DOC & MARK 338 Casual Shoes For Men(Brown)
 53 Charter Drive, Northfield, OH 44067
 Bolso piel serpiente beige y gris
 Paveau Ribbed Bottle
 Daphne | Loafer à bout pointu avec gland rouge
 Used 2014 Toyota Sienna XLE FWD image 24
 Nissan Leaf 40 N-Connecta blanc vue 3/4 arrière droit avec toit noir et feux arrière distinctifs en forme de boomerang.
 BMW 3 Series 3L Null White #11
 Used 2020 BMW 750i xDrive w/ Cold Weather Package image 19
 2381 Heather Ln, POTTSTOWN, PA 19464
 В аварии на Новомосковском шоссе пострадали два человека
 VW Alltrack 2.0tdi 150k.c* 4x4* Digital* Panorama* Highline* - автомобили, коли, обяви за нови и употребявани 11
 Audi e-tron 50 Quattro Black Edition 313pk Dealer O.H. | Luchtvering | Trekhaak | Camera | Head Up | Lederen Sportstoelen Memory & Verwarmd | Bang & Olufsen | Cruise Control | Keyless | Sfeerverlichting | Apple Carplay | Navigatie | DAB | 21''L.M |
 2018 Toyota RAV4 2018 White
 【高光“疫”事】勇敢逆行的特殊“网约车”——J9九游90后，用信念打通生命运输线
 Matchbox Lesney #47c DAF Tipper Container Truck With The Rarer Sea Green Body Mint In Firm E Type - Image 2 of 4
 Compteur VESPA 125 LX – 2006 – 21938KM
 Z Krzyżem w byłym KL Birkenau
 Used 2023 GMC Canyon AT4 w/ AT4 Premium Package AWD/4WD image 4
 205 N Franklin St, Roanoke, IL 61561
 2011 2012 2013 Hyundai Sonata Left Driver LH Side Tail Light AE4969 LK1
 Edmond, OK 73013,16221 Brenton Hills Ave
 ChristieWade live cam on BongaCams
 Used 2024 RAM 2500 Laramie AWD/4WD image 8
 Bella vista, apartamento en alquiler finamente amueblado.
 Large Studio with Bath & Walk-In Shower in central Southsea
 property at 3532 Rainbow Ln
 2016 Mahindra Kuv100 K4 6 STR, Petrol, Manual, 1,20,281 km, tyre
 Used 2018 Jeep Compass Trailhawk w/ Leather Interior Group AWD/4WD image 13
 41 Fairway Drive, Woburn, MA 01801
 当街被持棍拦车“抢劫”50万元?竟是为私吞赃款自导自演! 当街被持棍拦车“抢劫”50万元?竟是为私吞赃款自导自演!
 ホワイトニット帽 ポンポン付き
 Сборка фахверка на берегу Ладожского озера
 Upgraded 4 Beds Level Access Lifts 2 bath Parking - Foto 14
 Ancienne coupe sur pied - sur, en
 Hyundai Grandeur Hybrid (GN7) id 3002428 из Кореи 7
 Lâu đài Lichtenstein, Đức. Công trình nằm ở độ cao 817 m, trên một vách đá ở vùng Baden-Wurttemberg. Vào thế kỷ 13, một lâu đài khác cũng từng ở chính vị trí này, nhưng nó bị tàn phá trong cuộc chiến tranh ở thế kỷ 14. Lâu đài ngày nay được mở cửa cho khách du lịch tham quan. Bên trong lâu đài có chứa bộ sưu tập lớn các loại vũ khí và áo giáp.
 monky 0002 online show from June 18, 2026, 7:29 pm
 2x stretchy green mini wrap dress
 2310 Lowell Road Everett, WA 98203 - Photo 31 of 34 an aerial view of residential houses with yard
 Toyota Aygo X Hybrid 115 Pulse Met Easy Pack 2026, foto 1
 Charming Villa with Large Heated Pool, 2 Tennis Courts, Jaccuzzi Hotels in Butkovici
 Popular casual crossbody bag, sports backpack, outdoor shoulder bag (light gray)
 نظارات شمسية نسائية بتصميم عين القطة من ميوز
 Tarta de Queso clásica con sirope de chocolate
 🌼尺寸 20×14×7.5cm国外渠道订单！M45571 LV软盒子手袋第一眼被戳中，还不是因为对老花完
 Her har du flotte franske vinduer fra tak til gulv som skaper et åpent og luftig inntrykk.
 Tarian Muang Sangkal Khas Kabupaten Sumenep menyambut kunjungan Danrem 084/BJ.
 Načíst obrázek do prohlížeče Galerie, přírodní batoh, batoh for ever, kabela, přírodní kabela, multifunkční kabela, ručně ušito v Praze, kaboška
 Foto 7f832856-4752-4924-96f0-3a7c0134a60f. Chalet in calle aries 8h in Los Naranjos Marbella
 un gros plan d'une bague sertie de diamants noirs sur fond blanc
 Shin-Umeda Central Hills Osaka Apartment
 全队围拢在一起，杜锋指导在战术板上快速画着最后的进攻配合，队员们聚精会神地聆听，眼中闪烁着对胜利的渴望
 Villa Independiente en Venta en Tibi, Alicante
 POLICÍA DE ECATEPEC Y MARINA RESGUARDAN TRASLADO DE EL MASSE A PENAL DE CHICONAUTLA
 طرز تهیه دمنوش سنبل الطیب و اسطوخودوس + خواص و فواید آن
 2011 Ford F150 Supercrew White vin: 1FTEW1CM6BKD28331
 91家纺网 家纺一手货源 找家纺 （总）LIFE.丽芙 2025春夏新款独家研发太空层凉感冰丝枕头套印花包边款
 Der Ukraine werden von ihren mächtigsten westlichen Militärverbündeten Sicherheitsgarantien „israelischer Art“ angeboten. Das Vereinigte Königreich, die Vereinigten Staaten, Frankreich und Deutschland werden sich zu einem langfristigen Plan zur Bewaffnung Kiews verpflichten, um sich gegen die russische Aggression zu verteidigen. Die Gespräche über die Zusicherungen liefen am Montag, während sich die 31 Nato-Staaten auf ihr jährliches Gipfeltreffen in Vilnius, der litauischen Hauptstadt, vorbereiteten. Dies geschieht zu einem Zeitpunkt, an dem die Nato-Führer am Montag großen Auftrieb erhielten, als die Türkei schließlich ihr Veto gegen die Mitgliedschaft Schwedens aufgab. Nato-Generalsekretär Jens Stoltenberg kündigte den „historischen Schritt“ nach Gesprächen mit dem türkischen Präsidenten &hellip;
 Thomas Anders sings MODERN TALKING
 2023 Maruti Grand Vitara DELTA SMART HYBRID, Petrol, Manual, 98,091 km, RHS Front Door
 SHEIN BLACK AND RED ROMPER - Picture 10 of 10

· · · · ·

Repeat, word for word, the lines above between the line holding "un gros plan" and the line holding "91家纺网 家纺一手货源 找家纺", inclusive; omit everything else.

Reply to the exercise ->
 un gros plan d'une bague sertie de diamants noirs sur fond blanc
 Shin-Umeda Central Hills Osaka Apartment
 全队围拢在一起，杜锋指导在战术板上快速画着最后的进攻配合，队员们聚精会神地聆听，眼中闪烁着对胜利的渴望
 Villa Independiente en Venta en Tibi, Alicante
 POLICÍA DE ECATEPEC Y MARINA RESGUARDAN TRASLADO DE EL MASSE A PENAL DE CHICONAUTLA
 طرز تهیه دمنوش سنبل الطیب و اسطوخودوس + خواص و فواید آن
 2011 Ford F150 Supercrew White vin: 1FTEW1CM6BKD28331
 91家纺网 家纺一手货源 找家纺 （总）LIFE.丽芙 2025春夏新款独家研发太空层凉感冰丝枕头套印花包边款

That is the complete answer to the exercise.